Foster Life Update 1

 

I thought I would give you all little update on where we are at with our latest foster care journey in regards to Hiccup. The bitter sweet news is that the judge has ordered that parental rights be severed for both parents. The papers still have to be signed but this means that Hiccup is legally free to be adopted. We have contacted our awesome lawyer to get the paper work gathered so we can petition to adopt him. We still have to wait for the appeal time to pass before he can share our last name, but we are on the right path. Once that time has passed we will have an official adoption day.

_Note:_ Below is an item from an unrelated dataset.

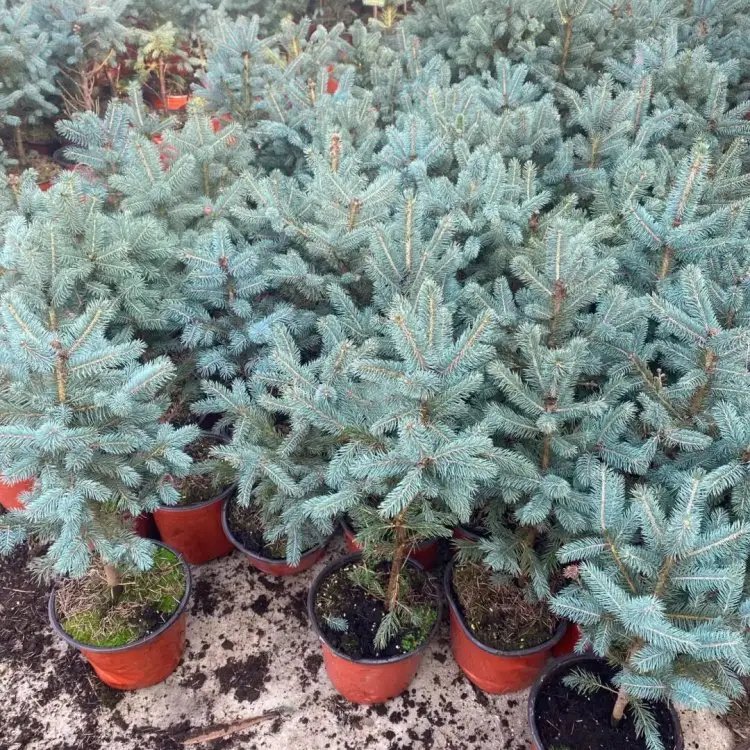 美國(guó)藍(lán)杉杯苗容器苗 美國(guó)藍(lán)杉杯苗容器苗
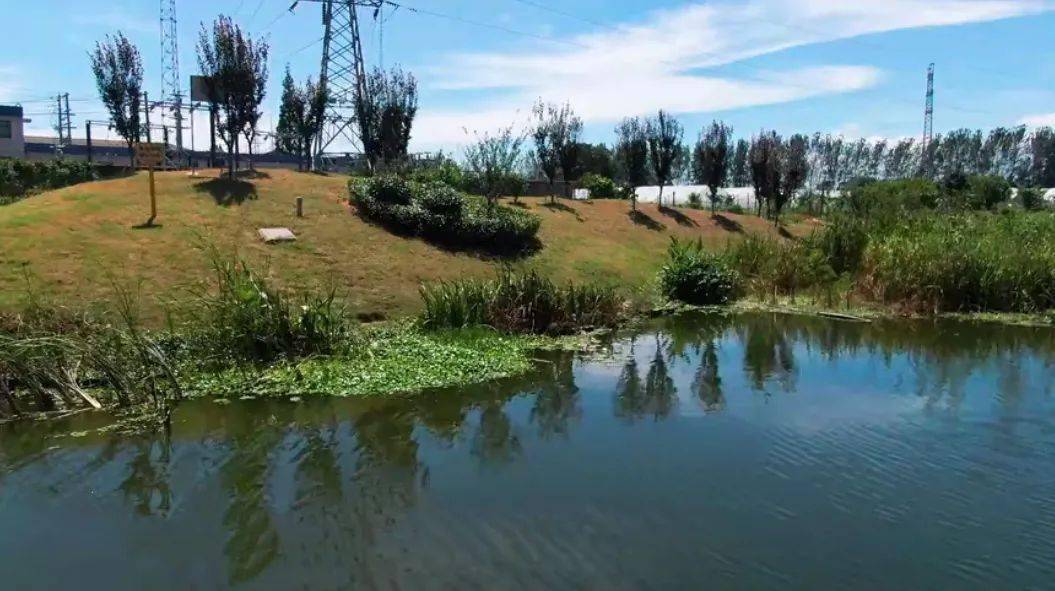 黑臭河道换新颜高新区西十字河打造美丽河湖诗意家园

The circumstances were far to risky for his safety for him to go back so we are thrilled that he is finely safe. We are thankful that we have an amazing judge who takes the time to review the entire history of the bio parents and sees through the chaotic storm of false accusations the defense attorneys created as well as the blatant lies that they told. Yes it is sad that a parent has to lose custody of a child because they have made so many bad choices, but it is also wonderful that the state was there to help a child whose life was in danger because of their parents actions.

Now we wait some more. The nice thing about this time is that life starts to feel normal again. There are no birth parent visits at this point which means we aren’t spending a bunch of time in the car and our kiddo’s emotions stabilize. In the mean time we continue to enjoy him and try to figure out what to name him. Any suggestions? Hubby and I are having a hard time finding a name we both like.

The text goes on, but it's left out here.